Pictures stay out, but every line of the data is copied exactly.

▸ Captioned web images
=== Section Start ===

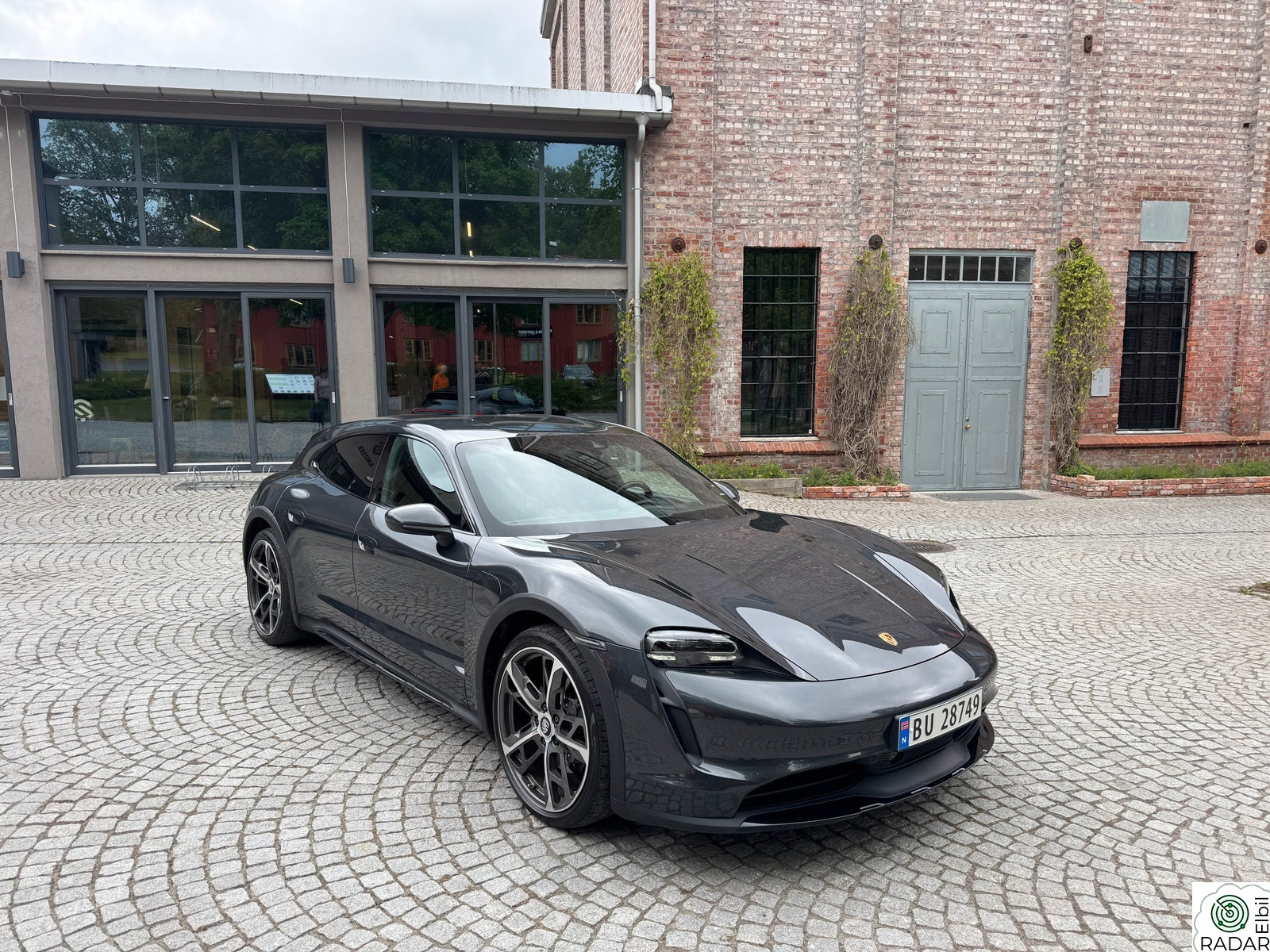MERCEDES-BENZ  4,BOSE,18-veis,Fullskinn,21',PASM,Sport Chrono ++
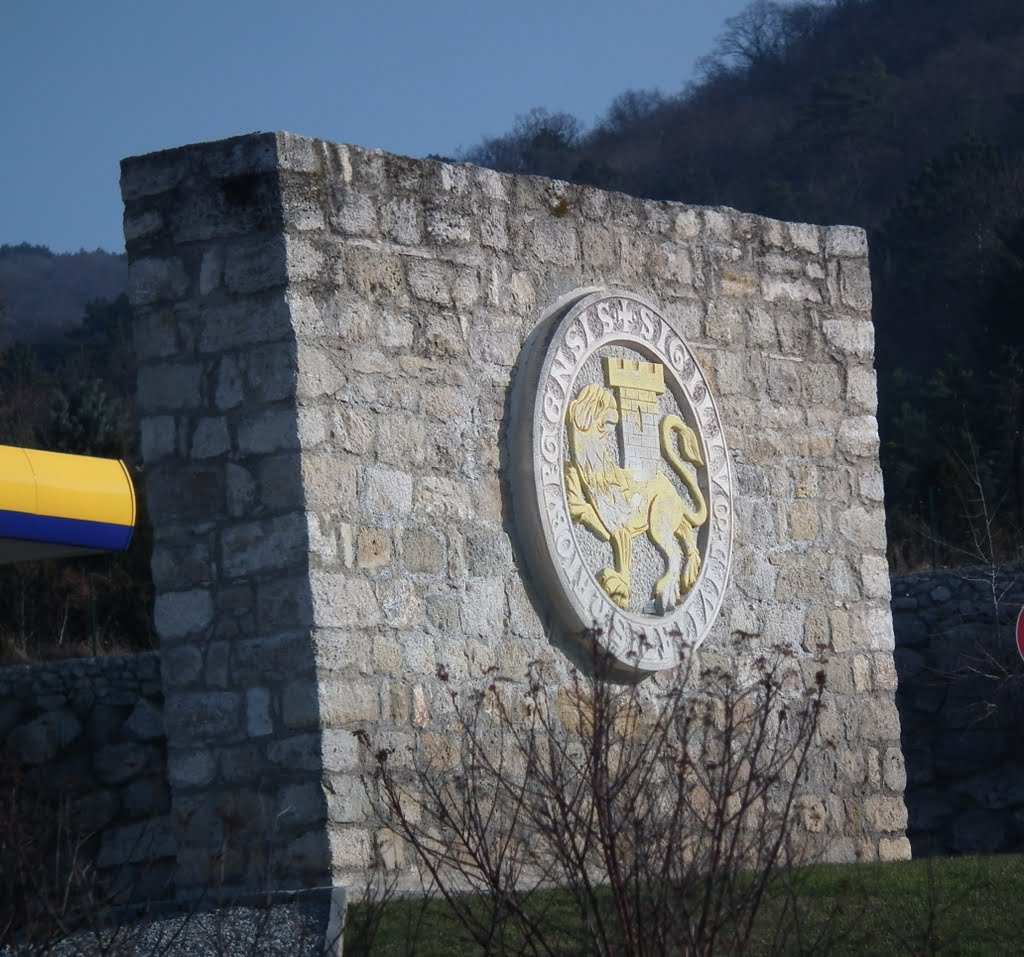 Hainburg traffic roundabout by GabrielLíška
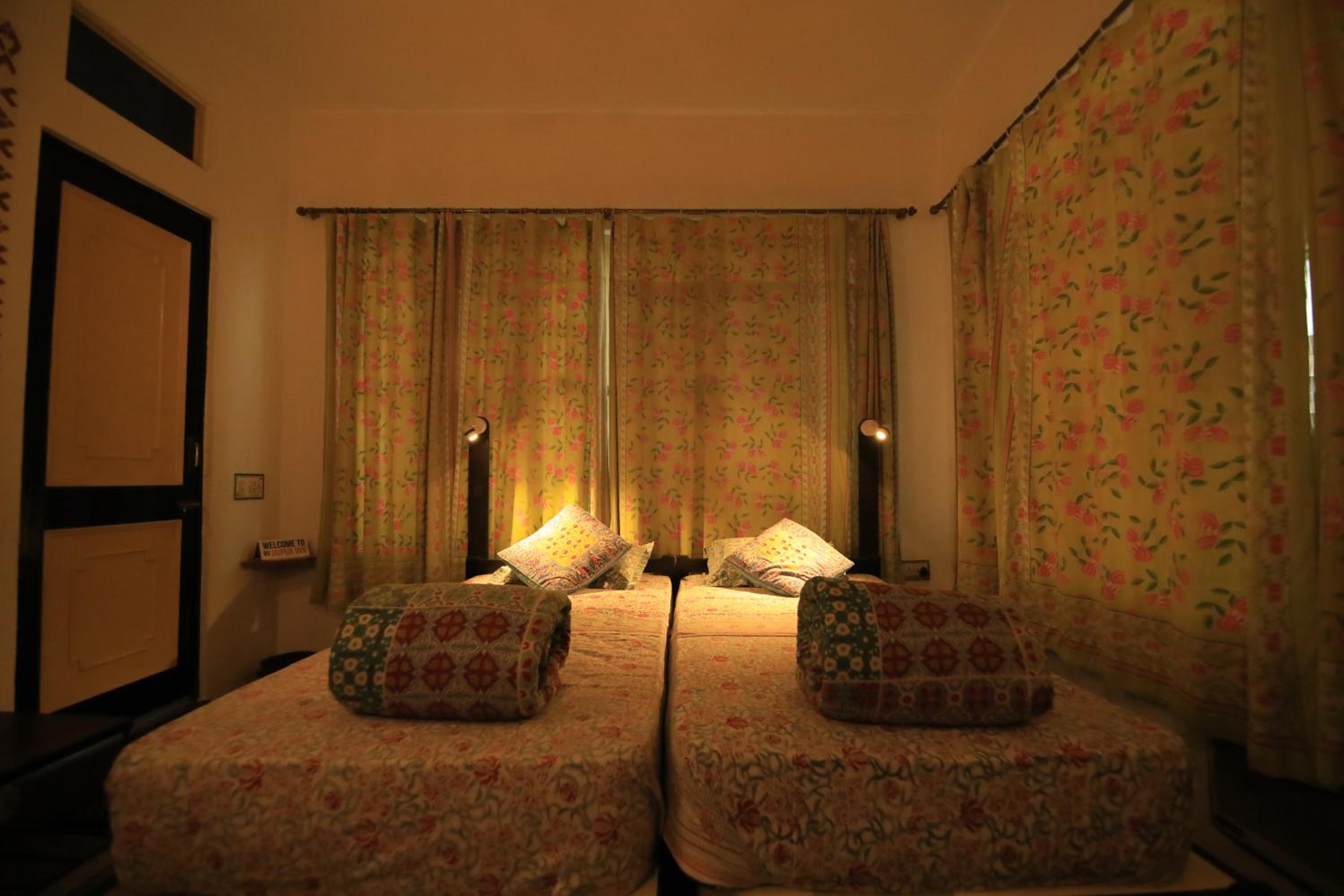 Deluxe Double or Twin Room - Photo 2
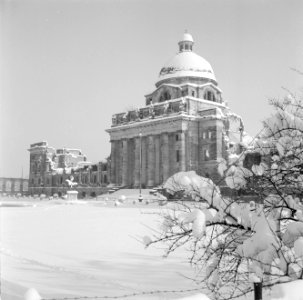 Besneeuwde Hofgarten met de ruïne van de Bayerische Staatskanzlei, Bestanddeelnr 254-3760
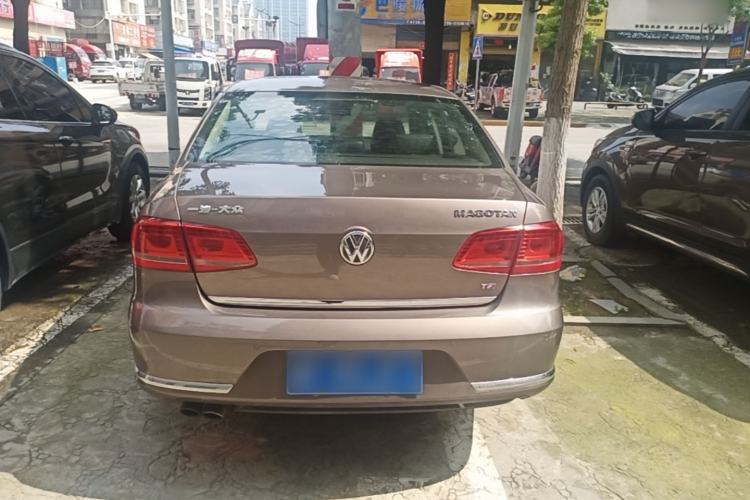 Used Volkswagen Magotan 2015 Revised 1.8TSI Prestige Version Rear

=== Section End ===

▸ Response area
MERCEDES-BENZ  4,BOSE,18-veis,Fullskinn,21',PASM,Sport Chrono ++
 Hainburg traffic roundabout by GabrielLíška
 Deluxe Double or Twin Room - Photo 2
 Besneeuwde Hofgarten met de ruïne van de Bayerische Staatskanzlei, Bestanddeelnr 254-3760
 Used Volkswagen Magotan 2015 Revised 1.8TSI Prestige Version Rear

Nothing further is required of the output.